— THE PROBLEM —
Below are entries with pictures among them; reproduce exactly, and only, the lines from the one containing "The package contains" down to the one containing "Let's begin with", without the pictures.

— EXTRACTED ENTRIES —
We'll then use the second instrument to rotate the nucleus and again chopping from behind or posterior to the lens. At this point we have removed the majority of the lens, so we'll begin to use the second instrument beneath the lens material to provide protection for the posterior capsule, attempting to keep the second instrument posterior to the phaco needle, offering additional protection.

---

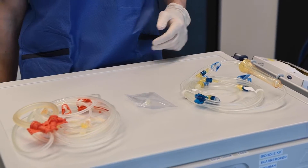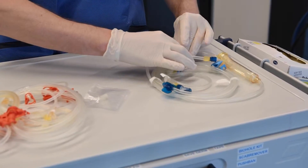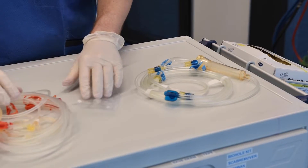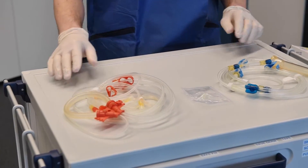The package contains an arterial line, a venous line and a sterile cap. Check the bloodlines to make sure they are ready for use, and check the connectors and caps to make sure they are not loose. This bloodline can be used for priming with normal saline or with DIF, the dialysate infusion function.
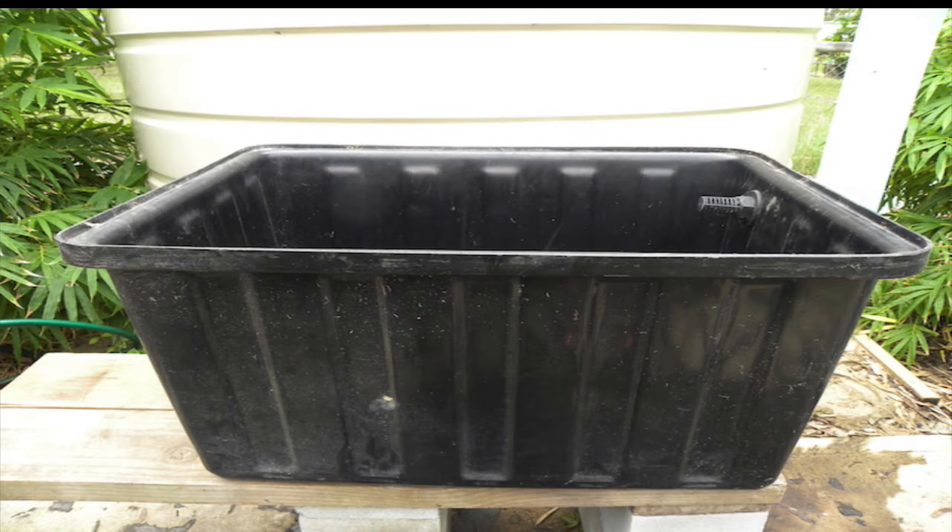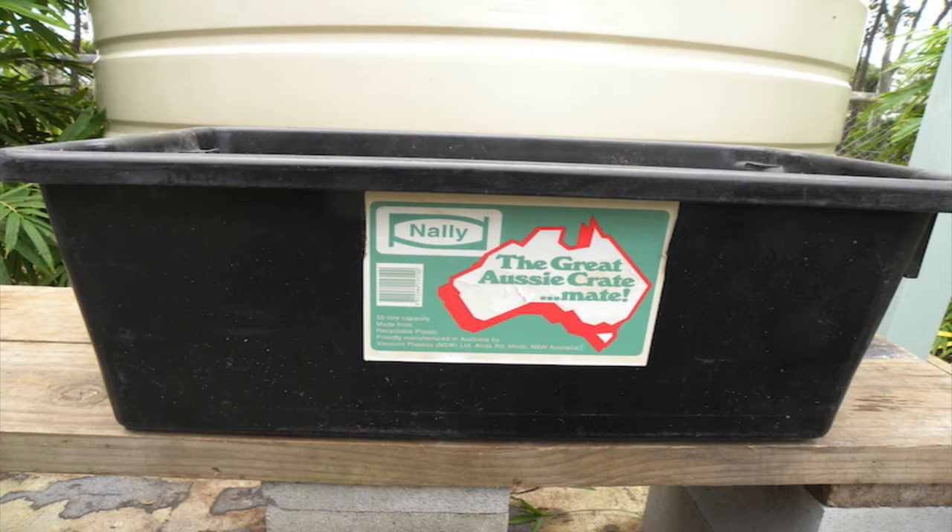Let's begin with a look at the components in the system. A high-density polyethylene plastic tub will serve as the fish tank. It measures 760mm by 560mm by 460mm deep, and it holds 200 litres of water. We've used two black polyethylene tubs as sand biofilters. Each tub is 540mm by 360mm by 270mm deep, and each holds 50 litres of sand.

— SOLUTION FOR THIS EXERCISE —
The package contains an arterial line, a venous line and a sterile cap. Check the bloodlines to make sure they are ready for use, and check the connectors and caps to make sure they are not loose. This bloodline can be used for priming with normal saline or with DIF, the dialysate infusion function.
Let's begin with a look at the components in the system. A high-density polyethylene plastic tub will serve as the fish tank. It measures 760mm by 560mm by 460mm deep, and it holds 200 litres of water. We've used two black polyethylene tubs as sand biofilters. Each tub is 540mm by 360mm by 270mm deep, and each holds 50 litres of sand.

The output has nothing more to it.